Here’s what I tell my friends who ask….
Student athletes
For middle school, high school, and college students who participate in athletics, their schools should provide guidelines about pre-participation physical examinations. The American Heart Association has developed guidelines to help physicians carefully screen for underlying cardiovascular conditions. The guidelines are written for medical professionals, so the text may be difficult for others to understand. In short, the AHA recommends that student athletes have a physical examination every 2 years during middle and high school and every year during college. Middle and high school students should have a careful medical history taken EVERY year, even if a physical examination is not performed.
The medical history should ask about:
1. Any chest pain or discomfort
2. Unexplained syncope or near syncope (blacking out or nearly blacking out)
3. Excessive shortness of breath during exertion
4. Previous recognition of a heart murmur
5. Elevated blood pressure
6. Family history of premature death (before 50 years) due to heart disease
7. Family history of disability due to heart disease in a relative younger than 50 years old

8. Family history of specific medical problems: Marfan syndrome, hypertrophic or dilated cardiomyopathy, long Q-T syndrome, or arrhythmias
The physical exam should pay attention to:
1. Heart murmur
2. Femoral pulses (to exclude coarctation of aorta)
3. Physical signs of Marfan syndrome
4. Blood pressure
Any abnormalities uncovered with this checklist should be evaluated further.

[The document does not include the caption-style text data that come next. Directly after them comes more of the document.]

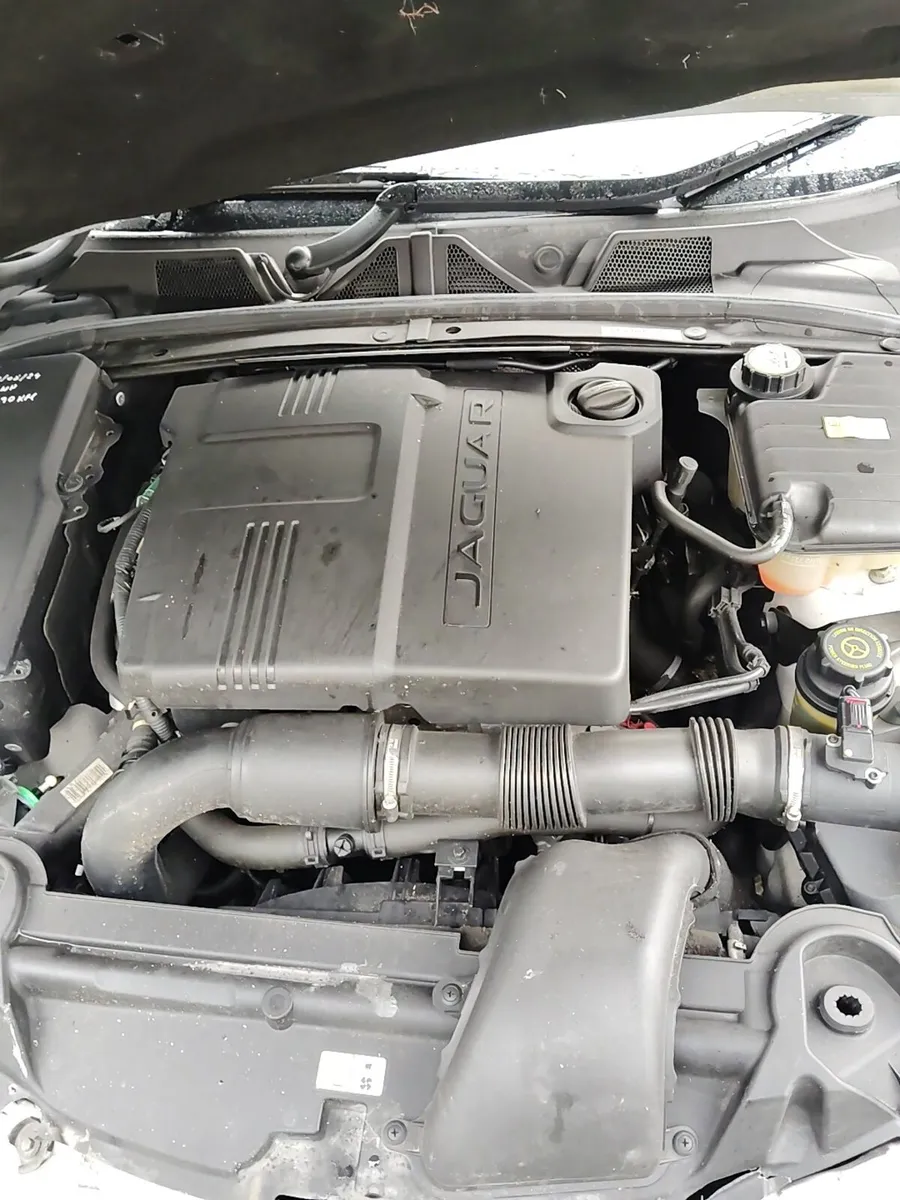 Breaking jaguar xf 2.2 diesel 2014 r type - Image 3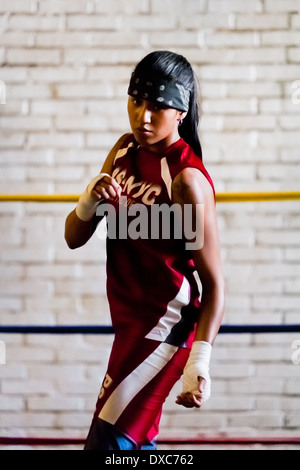 Geraldin Hamann, un jeune boxeur colombien de pure forme, les pratiques de formation dans l'boxing gym à Cali, Colombie. Banque D'Images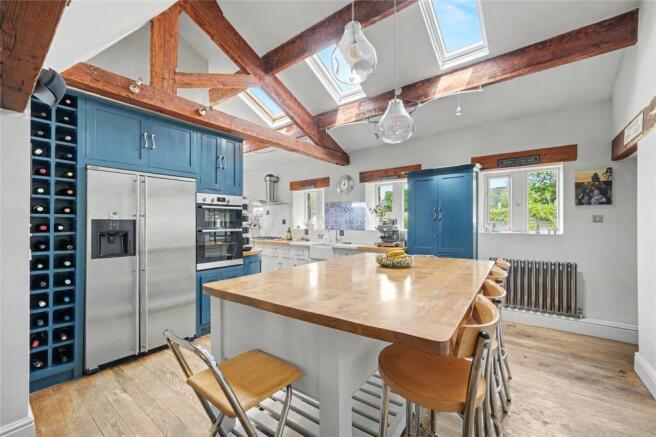 5 bed Barn Conversion for sale Image 6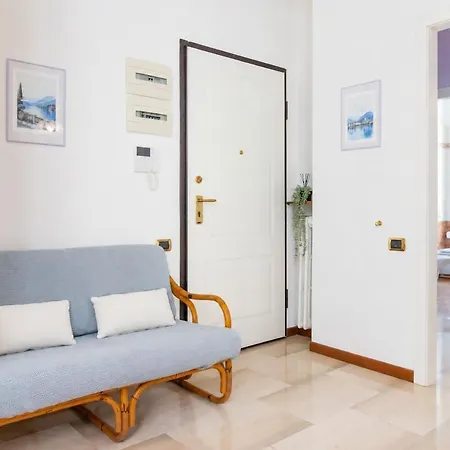 Complete & Cozy - Near Center With Duomo View *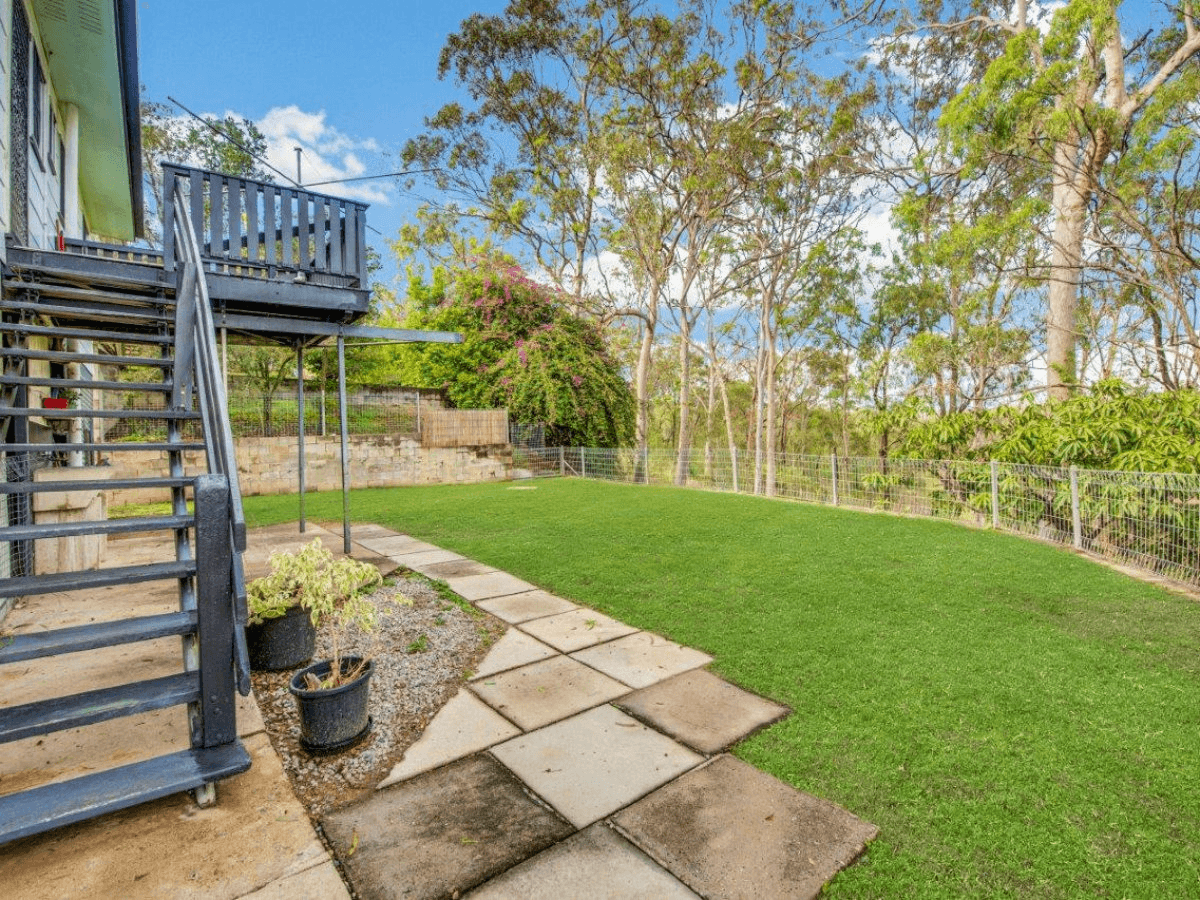 9 Marian Close, SUN VALLEY, QLD 4680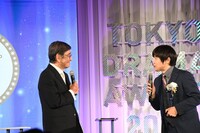 司会の石坂浩二と軽いトークをするバカリズム。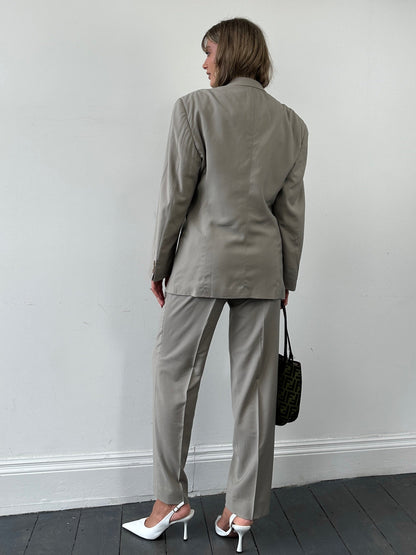 Armani Collezioni Pure Wool Single Breasted Suit - 40R/W30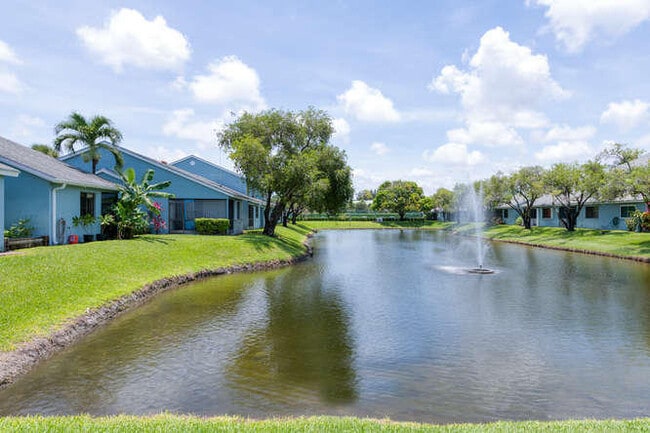 Building Photo - 3895 Island Club Cir W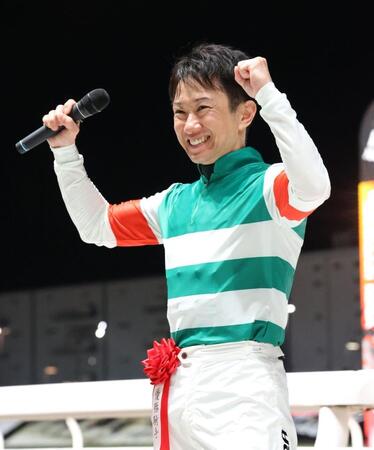 　観衆の声援に応え、両手でガッツポーズする吉原寛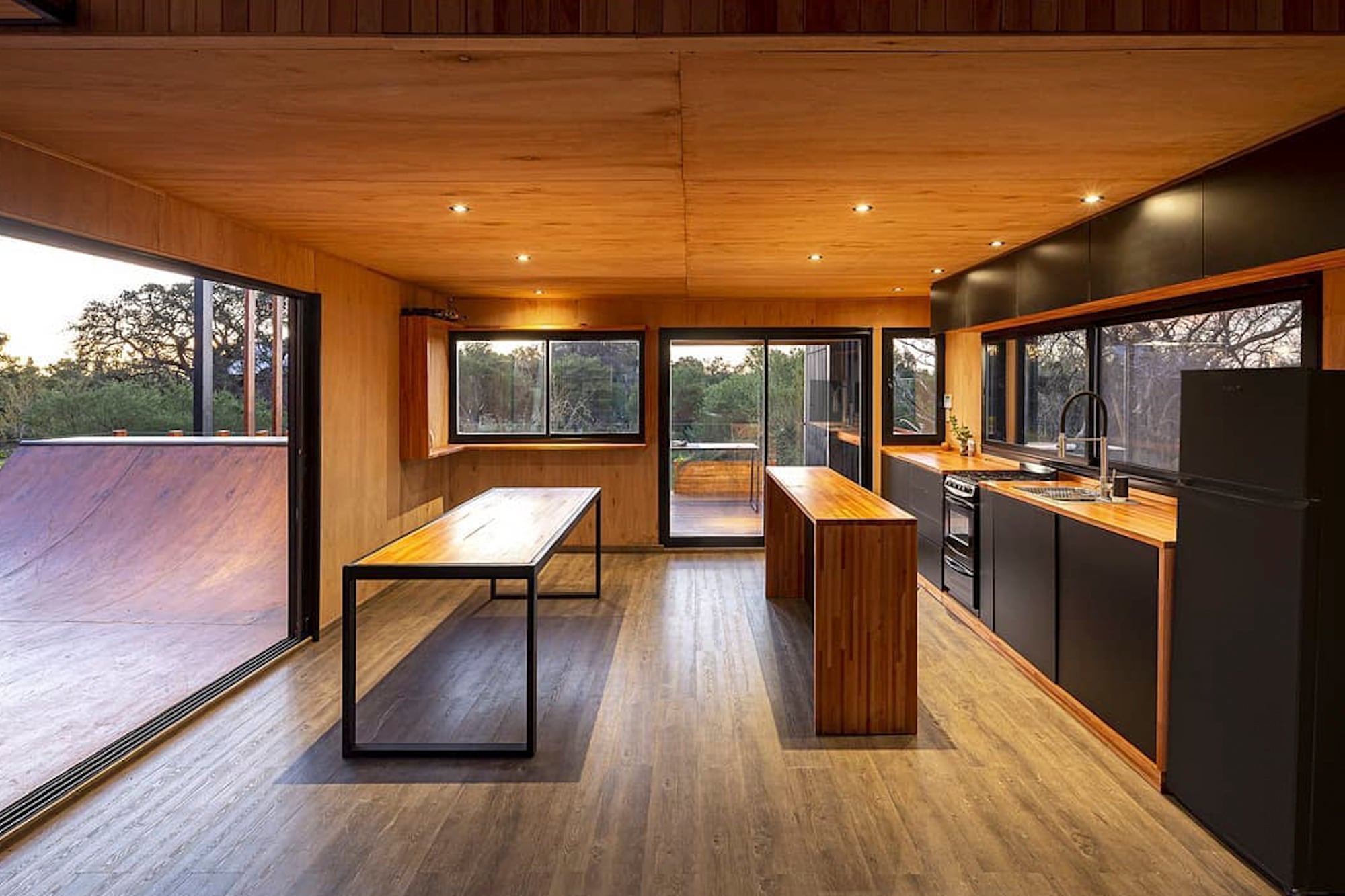 La grifería y los electrodomésticos, incluida la heladera, son de color negro, reforzando la estética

Young adult athletes, up to age 35
The AHA guidelines are probably also useful for young adult athletes. I tell my friends in this age group that they should see a physican yearly for a careful medical history and physical examination. The checklist for cardiovascular conditions above is also useful in this age group. This is also the age group where a baseline check on blood cholesterol and lipid levels and routine blood chemistries (glucose, creatinine, etc.) should be made.
Older adult athletes, over age 35
As athletes age, they confront an ever-increasing risk of events due to coronary artery disease (CAD, where plaque builds up in the arteries that supply the heart). A yearly visit to the physician for a medical history and physical examination is increasingly important. This is the age range when it is important, even aside from athletic reasons, that people should establish a long-term relationship with a family or internal medicine physician. In this age group, many female athletes will already see a physician regularly for gynecologic or obstetrical care, but “healthy” men are notoriouis for avoiding the doctor. The physician should continue to screen on a periodic basis for the risk factors for CAD: smoking, high blood pressure, obesity, diabetes or pre-diabetes, elevated blood cholesterol or lipids, and potentially others.
Athletes of any age, with medical problems
My suggestions above apply only to “healthy” athletes….those with NO chronic medical conditions. Athletes with ANY chronic medical condition will need to work with their physician to determine the frequency of visits to monitor those conditions. This will almost certainly require more than a single annual visit to the doctor.